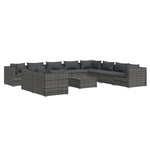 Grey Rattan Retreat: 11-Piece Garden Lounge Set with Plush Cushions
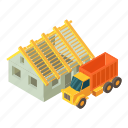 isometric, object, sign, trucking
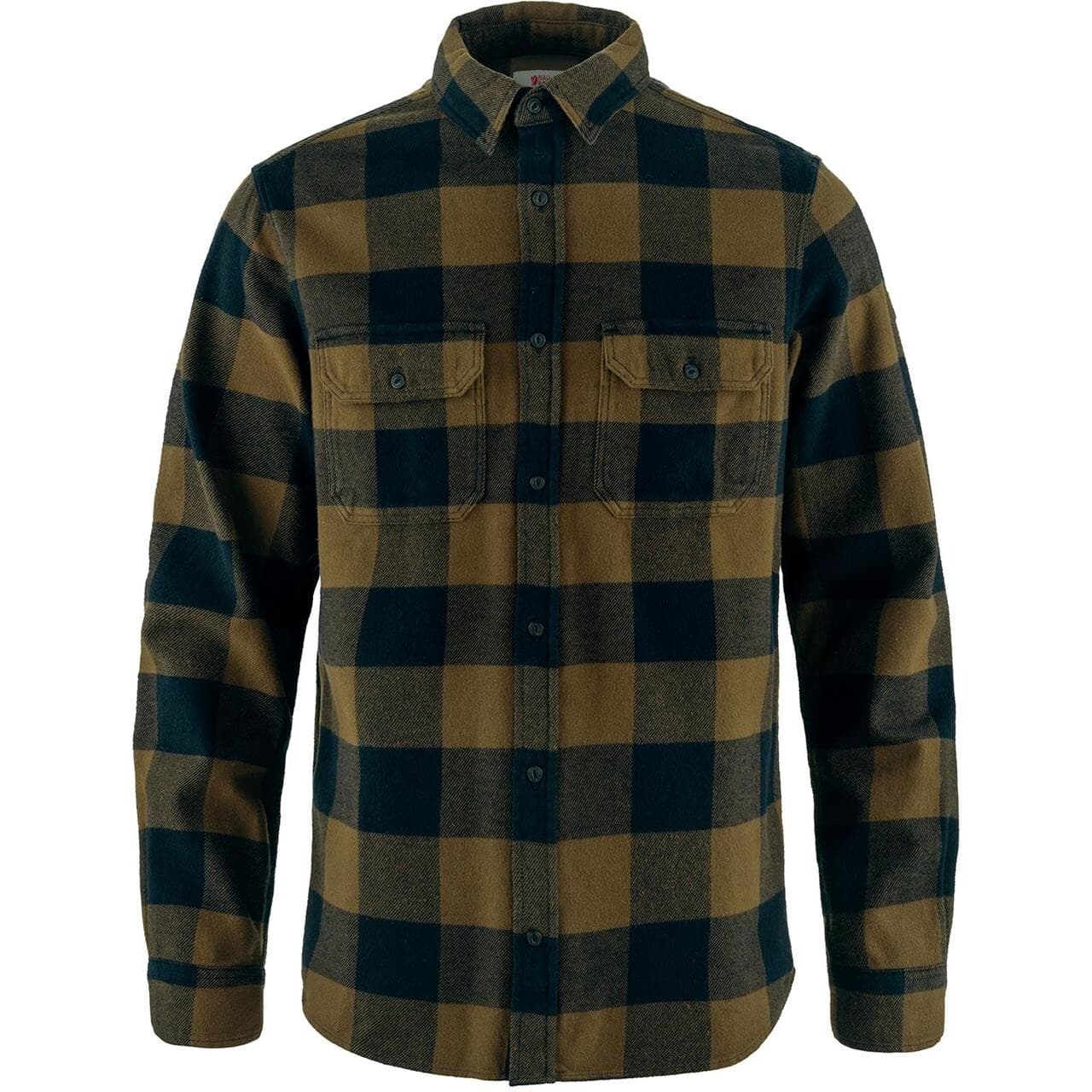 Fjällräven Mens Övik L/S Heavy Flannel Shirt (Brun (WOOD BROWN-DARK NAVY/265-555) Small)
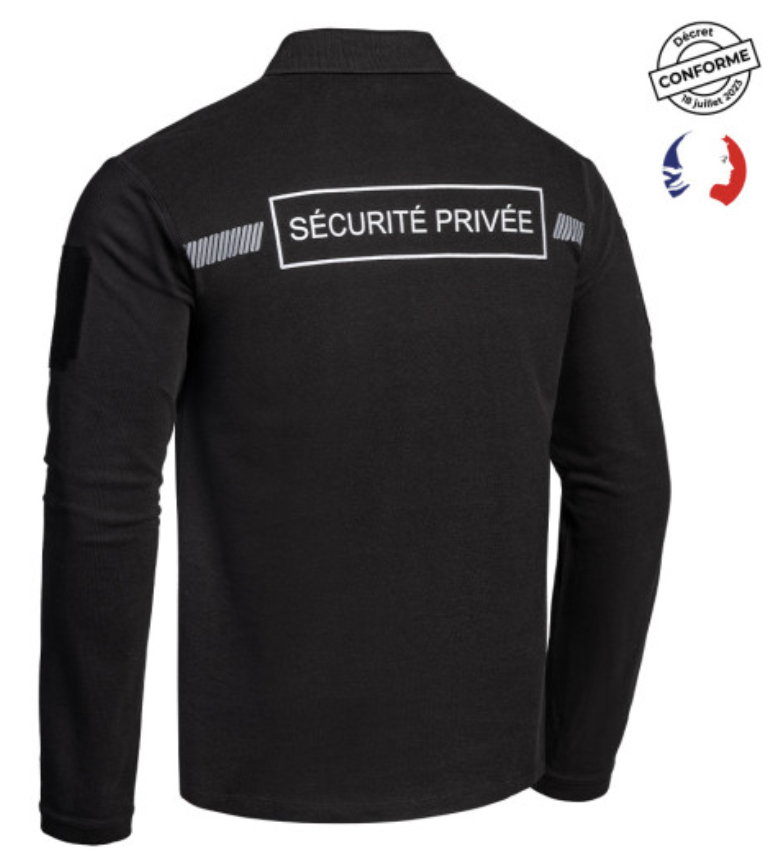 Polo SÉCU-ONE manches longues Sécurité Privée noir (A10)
______
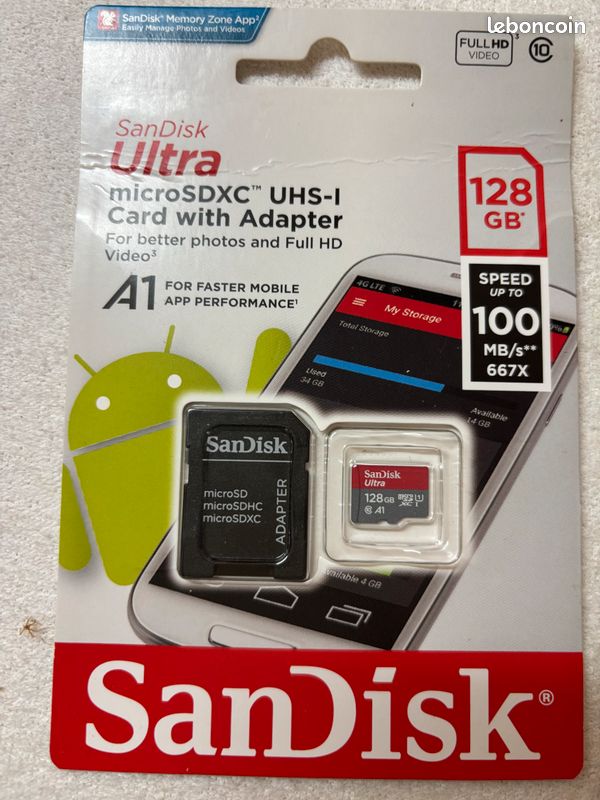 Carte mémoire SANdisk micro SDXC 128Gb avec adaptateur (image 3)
______
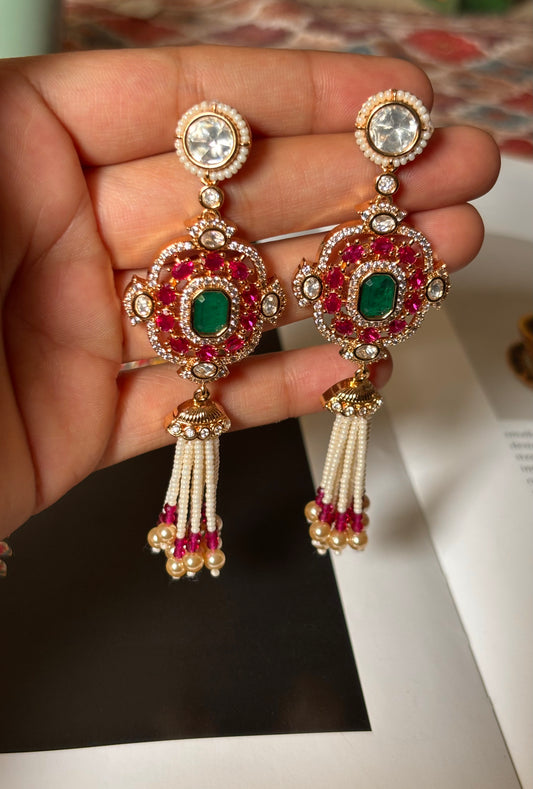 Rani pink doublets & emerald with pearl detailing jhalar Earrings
______
YOUR GOAL: Pictures in the entries do not go into the copy. Print only the lines starting at the one containing "Grey Rattan Retreat: 11-Piece" and ending at the one containing "Polo SÉCU-ONE manches", exactly as they appear.

WRITTEN REPLY:
 Grey Rattan Retreat: 11-Piece Garden Lounge Set with Plush Cushions
 isometric, object, sign, trucking
 Fjällräven Mens Övik L/S Heavy Flannel Shirt (Brun (WOOD BROWN-DARK NAVY/265-555) Small)
 Polo SÉCU-ONE manches longues Sécurité Privée noir (A10)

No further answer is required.